## INFORMATION SHOWN
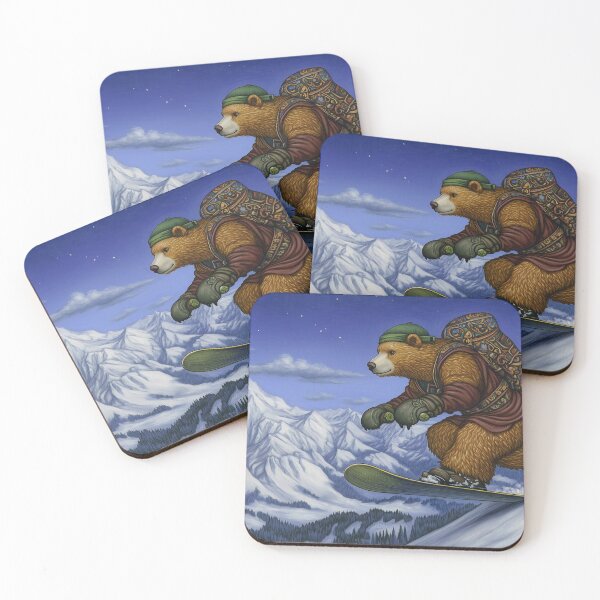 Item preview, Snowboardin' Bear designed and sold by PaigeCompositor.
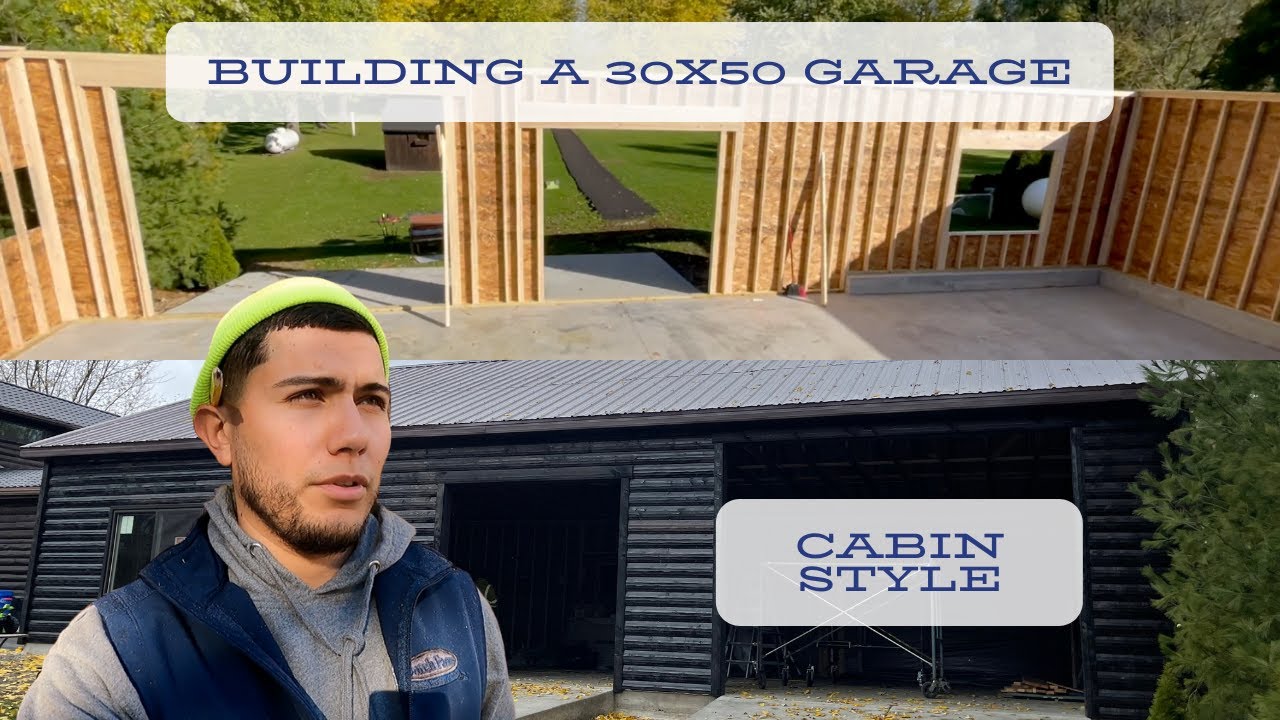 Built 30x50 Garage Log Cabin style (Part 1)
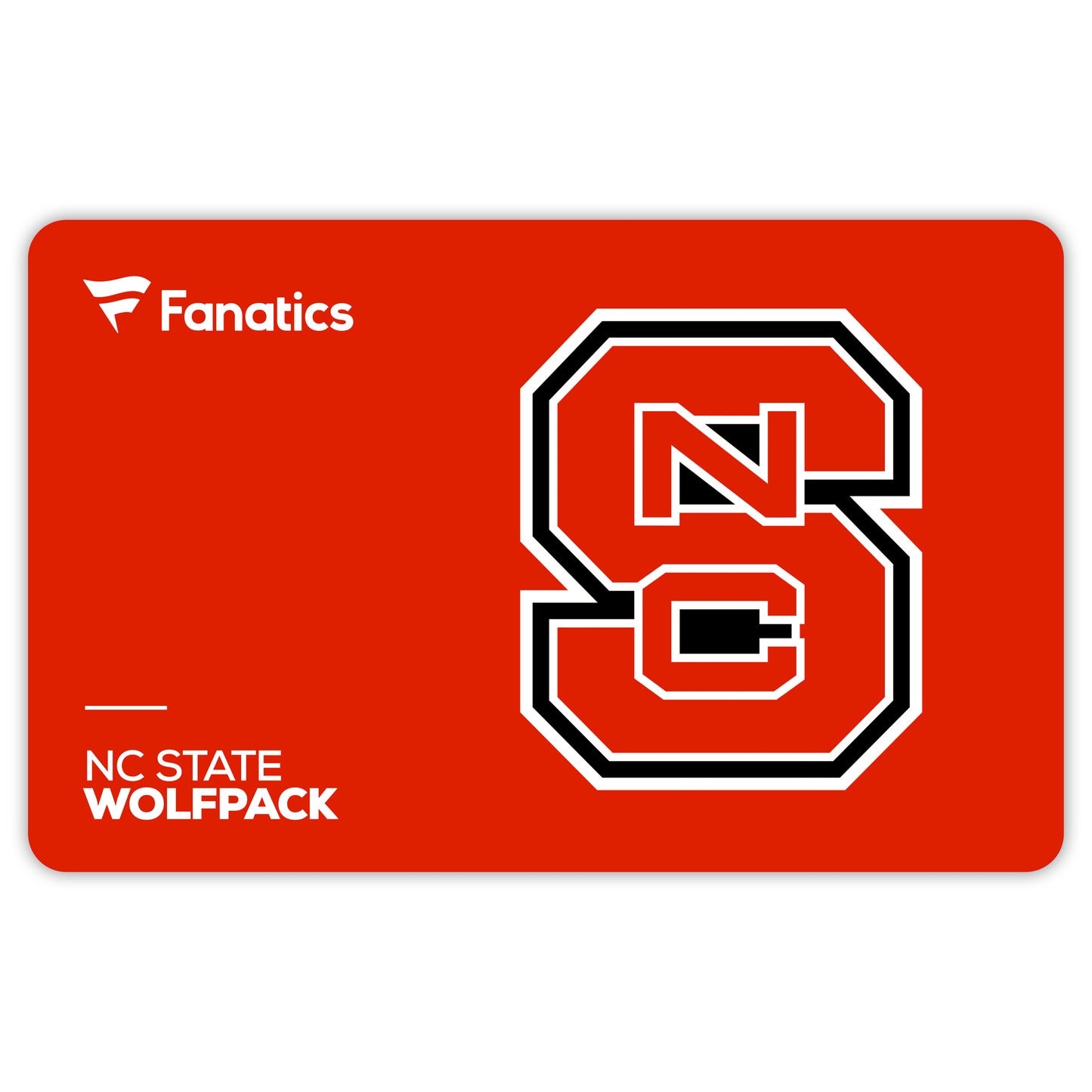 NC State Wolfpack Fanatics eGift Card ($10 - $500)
...
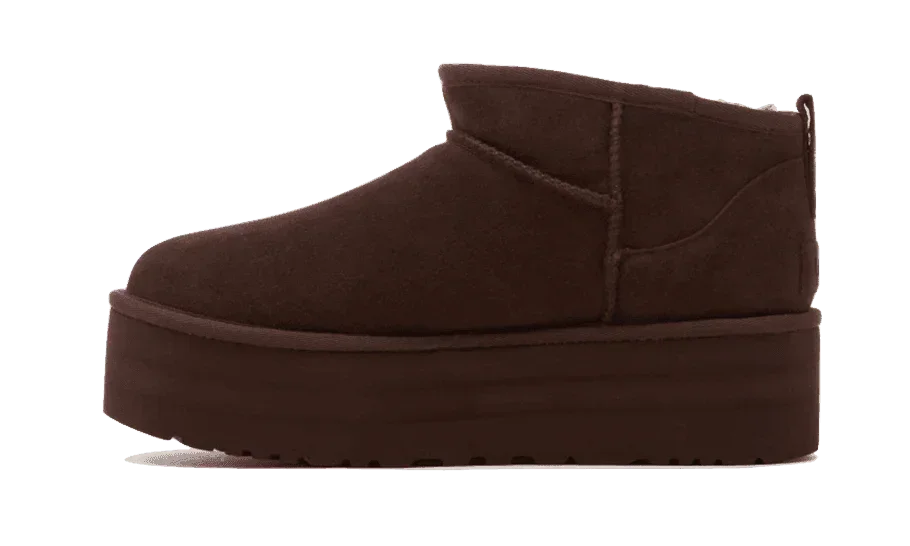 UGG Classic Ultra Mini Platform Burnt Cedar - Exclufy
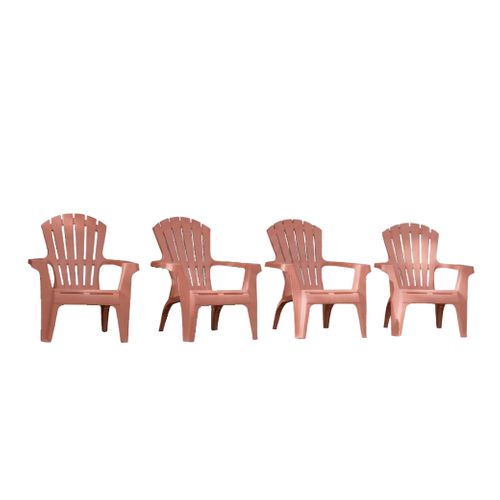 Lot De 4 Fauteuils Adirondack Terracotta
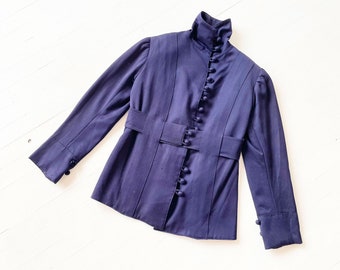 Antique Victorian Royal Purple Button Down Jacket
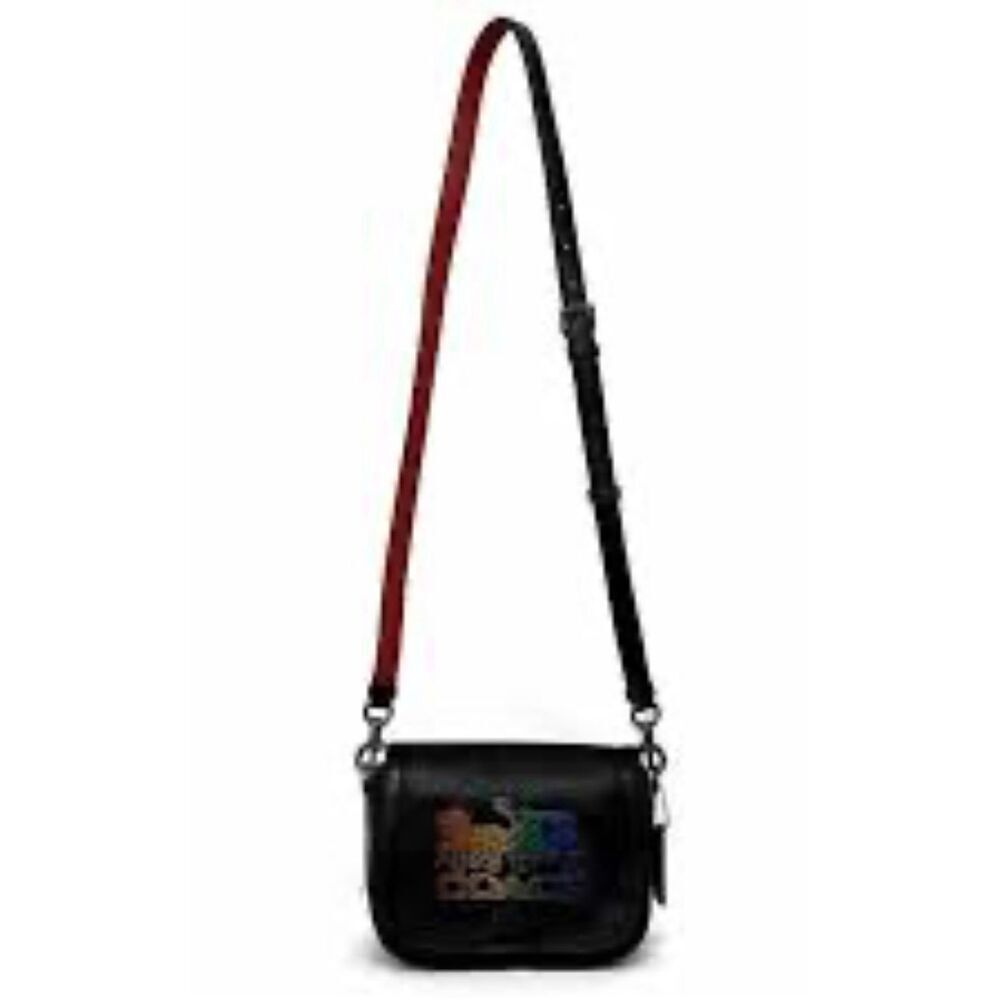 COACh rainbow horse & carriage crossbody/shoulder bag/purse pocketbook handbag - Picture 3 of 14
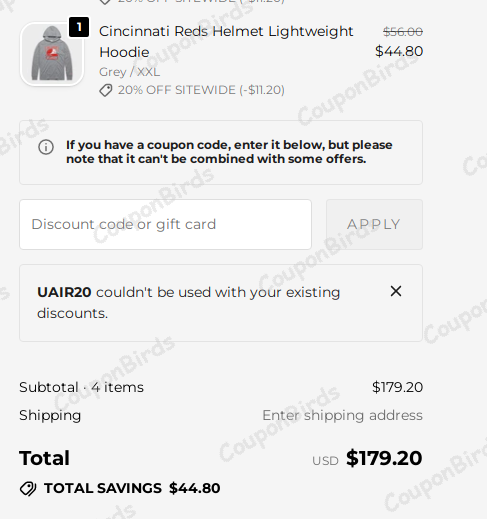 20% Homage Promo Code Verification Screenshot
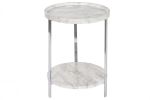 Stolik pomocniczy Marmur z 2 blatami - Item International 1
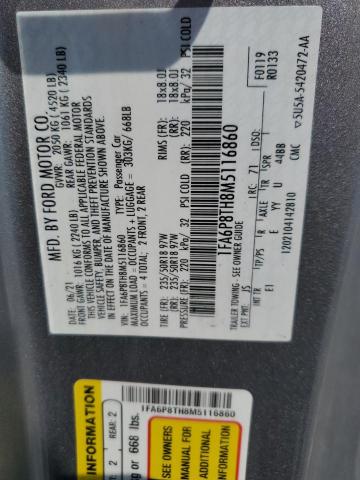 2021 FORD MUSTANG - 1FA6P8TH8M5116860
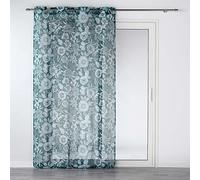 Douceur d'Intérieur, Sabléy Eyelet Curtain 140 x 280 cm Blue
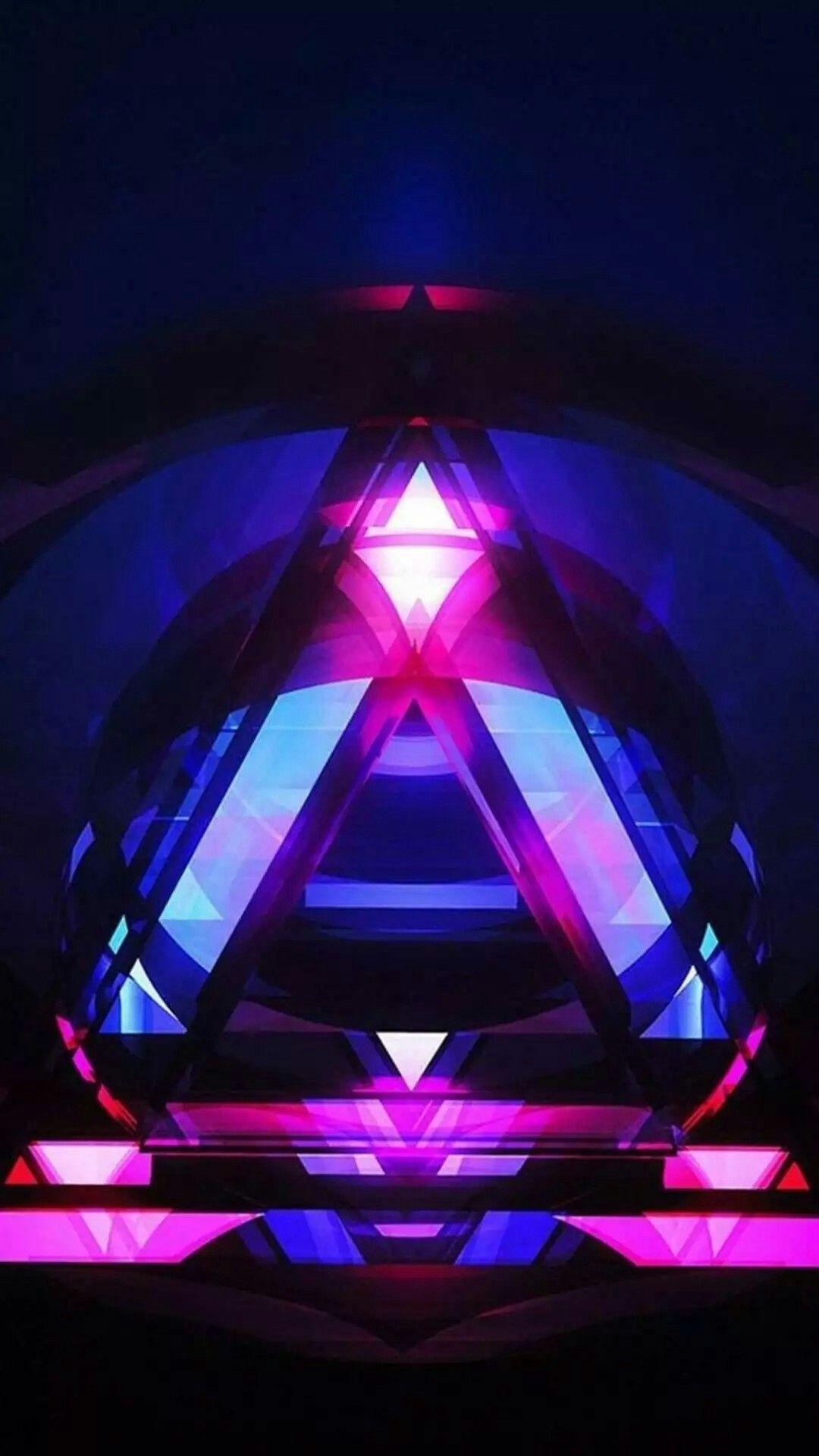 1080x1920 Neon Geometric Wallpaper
---
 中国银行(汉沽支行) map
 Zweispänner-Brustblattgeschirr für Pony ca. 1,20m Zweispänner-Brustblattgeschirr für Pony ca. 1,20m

## WORK ORDER
Out of the data above, give again only the lines starting at the one holding "中国银行(汉沽支行) map" and ending at the one holding "1,20m Zweispänner-Brustblattgeschirr für Pony ca. 1,20m", unchanged.

## FINAL ANSWER
 中国银行(汉沽支行) map
 Zweispänner-Brustblattgeschirr für Pony ca. 1,20m Zweispänner-Brustblattgeschirr für Pony ca. 1,20m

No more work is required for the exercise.